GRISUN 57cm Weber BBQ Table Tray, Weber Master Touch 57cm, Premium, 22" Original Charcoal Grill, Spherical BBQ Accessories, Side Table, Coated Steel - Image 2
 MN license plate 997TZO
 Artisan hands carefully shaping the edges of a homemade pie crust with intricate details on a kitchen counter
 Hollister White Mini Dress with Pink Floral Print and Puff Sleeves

----------

> _TASK GOAL_: The line containing "MN license plate 997TZO" marks where to begin; copy it and every later line exactly, through the end of the data.

> _TASK RESULT_:
 MN license plate 997TZO
 Artisan hands carefully shaping the edges of a homemade pie crust with intricate details on a kitchen counter
 Hollister White Mini Dress with Pink Floral Print and Puff Sleeves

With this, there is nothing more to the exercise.